> Information provided
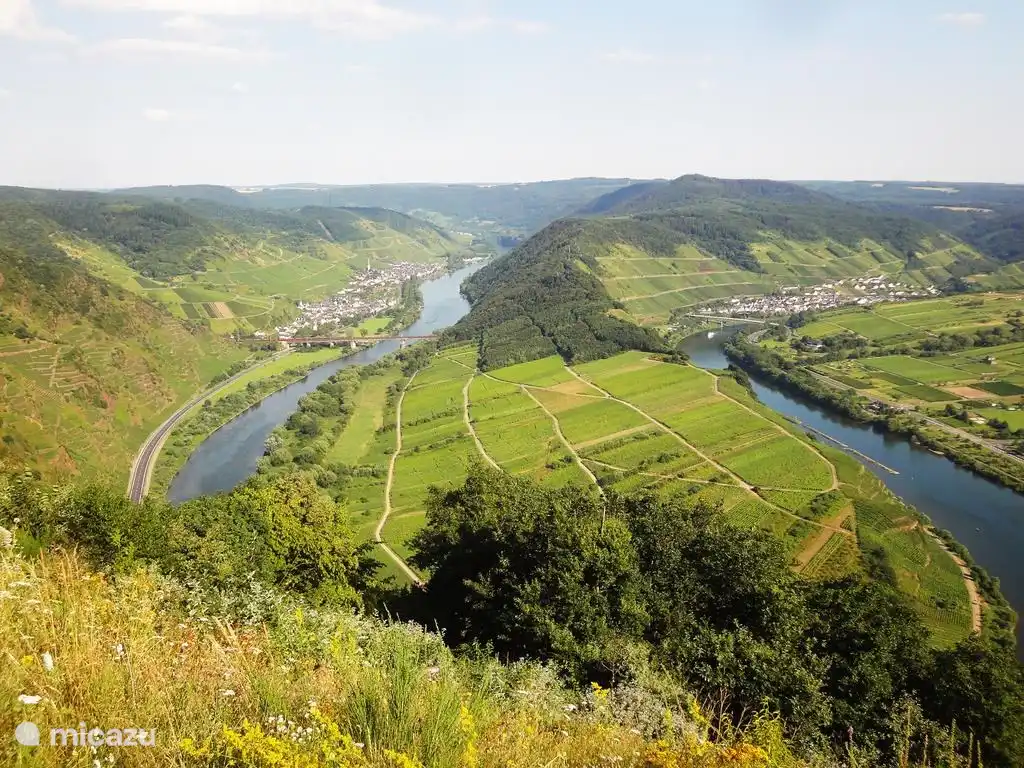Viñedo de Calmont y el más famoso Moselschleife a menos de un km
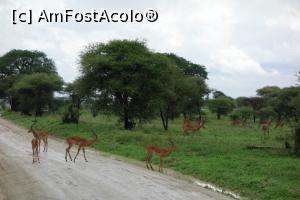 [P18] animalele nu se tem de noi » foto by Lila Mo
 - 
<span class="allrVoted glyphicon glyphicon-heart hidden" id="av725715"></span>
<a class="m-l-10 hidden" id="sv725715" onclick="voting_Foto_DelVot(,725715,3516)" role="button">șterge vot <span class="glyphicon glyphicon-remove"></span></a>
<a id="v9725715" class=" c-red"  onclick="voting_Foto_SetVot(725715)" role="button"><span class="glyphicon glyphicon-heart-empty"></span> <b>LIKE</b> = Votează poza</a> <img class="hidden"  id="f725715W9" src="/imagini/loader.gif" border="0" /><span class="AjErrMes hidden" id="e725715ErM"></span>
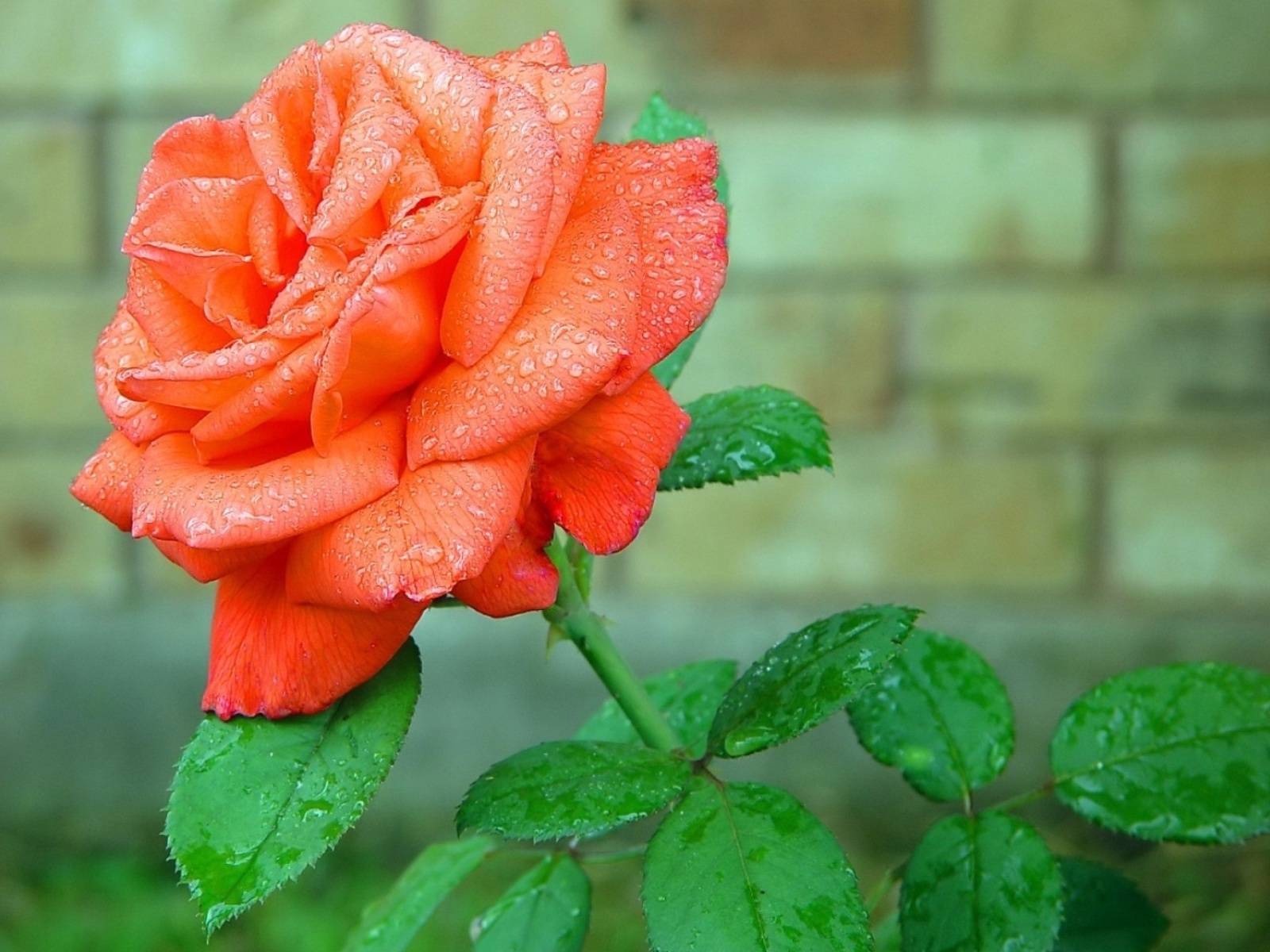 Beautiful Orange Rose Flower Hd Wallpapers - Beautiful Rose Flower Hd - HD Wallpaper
---
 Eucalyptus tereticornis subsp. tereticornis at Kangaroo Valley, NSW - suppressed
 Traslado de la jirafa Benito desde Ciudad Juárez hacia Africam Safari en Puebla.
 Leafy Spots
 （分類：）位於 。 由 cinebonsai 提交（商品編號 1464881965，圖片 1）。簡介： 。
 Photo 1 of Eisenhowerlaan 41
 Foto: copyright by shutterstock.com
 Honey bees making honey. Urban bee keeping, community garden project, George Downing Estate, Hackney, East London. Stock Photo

> Directions
Which lines of the records above contain the word "role"? Report each one in full.

> Result of the task
<a class="m-l-10 hidden" id="sv725715" onclick="voting_Foto_DelVot(,725715,3516)" role="button">șterge vot <span class="glyphicon glyphicon-remove"></span></a>
<a id="v9725715" class=" c-red"  onclick="voting_Foto_SetVot(725715)" role="button"><span class="glyphicon glyphicon-heart-empty"></span> <b>LIKE</b> = Votează poza</a> <img class="hidden"  id="f725715W9" src="/imagini/loader.gif" border="0" /><span class="AjErrMes hidden" id="e725715ErM"></span>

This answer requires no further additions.